Using the records below, write out the line with "Pergamano vellum Kerst" and each line after it through the final one, exactly, and only those.

> Crawled caption data
· · ·
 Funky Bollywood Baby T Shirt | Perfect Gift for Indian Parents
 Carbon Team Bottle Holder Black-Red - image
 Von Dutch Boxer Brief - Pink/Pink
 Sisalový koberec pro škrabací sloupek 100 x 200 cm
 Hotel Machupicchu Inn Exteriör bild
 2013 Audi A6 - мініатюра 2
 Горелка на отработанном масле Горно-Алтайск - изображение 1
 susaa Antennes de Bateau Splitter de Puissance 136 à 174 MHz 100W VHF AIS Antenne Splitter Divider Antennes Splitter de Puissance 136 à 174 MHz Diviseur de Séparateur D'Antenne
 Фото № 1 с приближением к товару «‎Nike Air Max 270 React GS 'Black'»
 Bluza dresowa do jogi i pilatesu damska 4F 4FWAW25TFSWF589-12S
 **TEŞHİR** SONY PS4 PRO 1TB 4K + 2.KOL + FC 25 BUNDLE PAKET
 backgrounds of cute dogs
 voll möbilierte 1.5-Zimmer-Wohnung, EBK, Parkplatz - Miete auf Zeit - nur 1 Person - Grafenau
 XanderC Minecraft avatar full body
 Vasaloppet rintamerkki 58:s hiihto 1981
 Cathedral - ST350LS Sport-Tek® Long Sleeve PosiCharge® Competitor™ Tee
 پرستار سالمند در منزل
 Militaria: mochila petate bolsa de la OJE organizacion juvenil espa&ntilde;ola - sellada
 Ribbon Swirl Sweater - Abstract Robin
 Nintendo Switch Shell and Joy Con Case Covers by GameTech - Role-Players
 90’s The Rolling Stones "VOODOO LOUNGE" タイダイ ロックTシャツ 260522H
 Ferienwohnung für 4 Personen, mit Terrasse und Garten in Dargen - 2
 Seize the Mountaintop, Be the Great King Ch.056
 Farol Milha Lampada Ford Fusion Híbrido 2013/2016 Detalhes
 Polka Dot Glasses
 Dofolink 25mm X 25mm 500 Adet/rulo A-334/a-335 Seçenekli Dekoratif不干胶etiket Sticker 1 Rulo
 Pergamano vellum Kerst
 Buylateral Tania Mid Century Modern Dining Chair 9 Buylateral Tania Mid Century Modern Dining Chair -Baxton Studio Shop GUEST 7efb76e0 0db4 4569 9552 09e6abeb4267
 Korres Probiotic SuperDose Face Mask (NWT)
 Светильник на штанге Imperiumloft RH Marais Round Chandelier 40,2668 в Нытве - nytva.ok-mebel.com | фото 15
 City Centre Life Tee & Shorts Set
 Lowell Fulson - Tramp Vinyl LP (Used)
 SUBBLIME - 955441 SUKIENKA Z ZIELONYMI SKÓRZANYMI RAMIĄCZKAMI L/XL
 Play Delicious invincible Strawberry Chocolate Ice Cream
· · ·
> Output of the task
 Pergamano vellum Kerst
 Buylateral Tania Mid Century Modern Dining Chair 9 Buylateral Tania Mid Century Modern Dining Chair -Baxton Studio Shop GUEST 7efb76e0 0db4 4569 9552 09e6abeb4267
 Korres Probiotic SuperDose Face Mask (NWT)
 Светильник на штанге Imperiumloft RH Marais Round Chandelier 40,2668 в Нытве - nytva.ok-mebel.com | фото 15
 City Centre Life Tee & Shorts Set
 Lowell Fulson - Tramp Vinyl LP (Used)
 SUBBLIME - 955441 SUKIENKA Z ZIELONYMI SKÓRZANYMI RAMIĄCZKAMI L/XL
 Play Delicious invincible Strawberry Chocolate Ice Cream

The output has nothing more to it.